É de realçar que este troço da Cava é mais baixo do que os outros;
Que a actual base exterior coincide com a cota em que assentam as pedras que suportam o aterro, sobre o qual parece estar montado um depósito (?) de madeira;
Será possível que se configure, aqui, uma anulação do talude, em vários metros no trecho que vai da Rua dos Plátanos à Estrada Velha de Santiago?
Há 7 ou 8 decénios foi anulado a parte do talude da Cava que corresponde à actual localização da Casa das Águias e quinta anexa. E agora?
Alguém nos explica o que aqui se está a passar?
A DGPC está a par destas obras/alterações? Autorizou-as?

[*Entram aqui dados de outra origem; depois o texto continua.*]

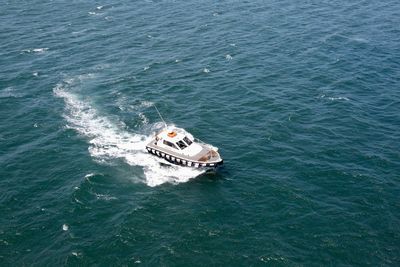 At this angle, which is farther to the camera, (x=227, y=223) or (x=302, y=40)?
(x=302, y=40)

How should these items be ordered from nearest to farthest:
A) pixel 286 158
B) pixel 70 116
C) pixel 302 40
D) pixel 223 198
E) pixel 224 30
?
pixel 223 198 < pixel 286 158 < pixel 70 116 < pixel 302 40 < pixel 224 30

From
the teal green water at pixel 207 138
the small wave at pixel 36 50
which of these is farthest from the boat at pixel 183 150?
the small wave at pixel 36 50

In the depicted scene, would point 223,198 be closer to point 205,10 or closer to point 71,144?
point 71,144

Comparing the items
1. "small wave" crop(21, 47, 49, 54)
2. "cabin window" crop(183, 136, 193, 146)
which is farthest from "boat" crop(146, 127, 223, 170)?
"small wave" crop(21, 47, 49, 54)

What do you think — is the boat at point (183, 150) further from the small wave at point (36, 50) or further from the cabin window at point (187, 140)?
the small wave at point (36, 50)

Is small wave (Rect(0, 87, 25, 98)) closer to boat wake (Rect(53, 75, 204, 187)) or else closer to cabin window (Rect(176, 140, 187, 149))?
boat wake (Rect(53, 75, 204, 187))

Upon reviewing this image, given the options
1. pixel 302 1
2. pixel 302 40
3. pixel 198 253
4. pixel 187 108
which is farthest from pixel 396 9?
pixel 198 253

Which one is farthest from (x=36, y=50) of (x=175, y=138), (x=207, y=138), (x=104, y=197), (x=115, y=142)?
(x=104, y=197) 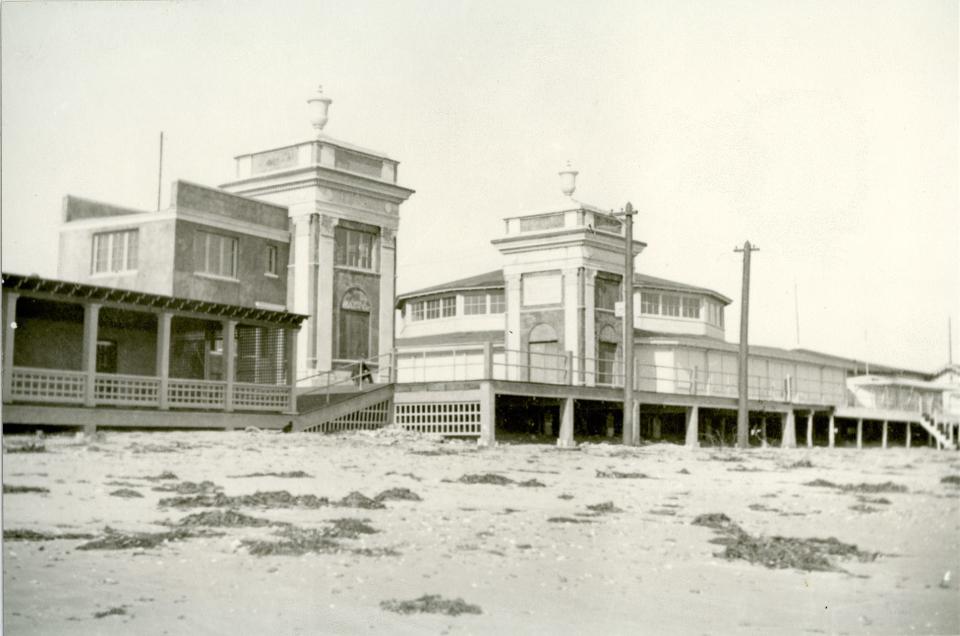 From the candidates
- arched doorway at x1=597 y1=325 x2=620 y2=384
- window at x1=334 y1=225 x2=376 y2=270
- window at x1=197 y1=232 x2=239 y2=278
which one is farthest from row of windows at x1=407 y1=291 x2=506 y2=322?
window at x1=334 y1=225 x2=376 y2=270

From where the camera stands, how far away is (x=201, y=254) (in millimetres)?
10562

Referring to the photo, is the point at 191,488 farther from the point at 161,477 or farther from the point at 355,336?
the point at 355,336

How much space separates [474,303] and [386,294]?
29.1 ft

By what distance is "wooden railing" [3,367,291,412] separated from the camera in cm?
784

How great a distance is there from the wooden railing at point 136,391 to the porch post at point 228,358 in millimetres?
54

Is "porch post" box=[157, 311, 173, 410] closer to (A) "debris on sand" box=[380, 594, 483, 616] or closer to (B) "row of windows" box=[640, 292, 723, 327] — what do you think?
(A) "debris on sand" box=[380, 594, 483, 616]

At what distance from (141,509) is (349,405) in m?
3.81

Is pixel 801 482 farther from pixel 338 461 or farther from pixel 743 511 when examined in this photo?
pixel 338 461

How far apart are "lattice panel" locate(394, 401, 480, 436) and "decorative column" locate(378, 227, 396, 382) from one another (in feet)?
3.41

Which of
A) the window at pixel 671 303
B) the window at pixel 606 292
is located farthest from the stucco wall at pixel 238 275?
the window at pixel 671 303

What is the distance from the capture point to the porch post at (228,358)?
960 cm

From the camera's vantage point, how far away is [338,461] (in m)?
8.48

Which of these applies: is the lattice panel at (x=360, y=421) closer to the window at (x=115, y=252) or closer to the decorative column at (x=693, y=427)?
the window at (x=115, y=252)

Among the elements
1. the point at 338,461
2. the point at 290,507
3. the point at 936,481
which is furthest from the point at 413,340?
the point at 936,481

E que diz o IGESPAR sobre o assunto?
Naturalmente ninguém está a cometer um atentado patrimonial e tudo terá uma explicação natural e plausível.
Vamos esperar para ver e melhor perceber o que por aqueles lados se passa.
A vereação cultural da edilidade deve ter uma palavra a dizer, pois nem sequer no mais aziago dia ousaríamos pensar que não está a par da ocorrência; que a ocorrência possa ser ilegal; que o património artístico-cultural português não está a ser devidamente protegido e/ou acautelado pela Câmara Municipal de Viseu, tão ciosa e empenhada em tornar a nossa urbe Património da Humanidade.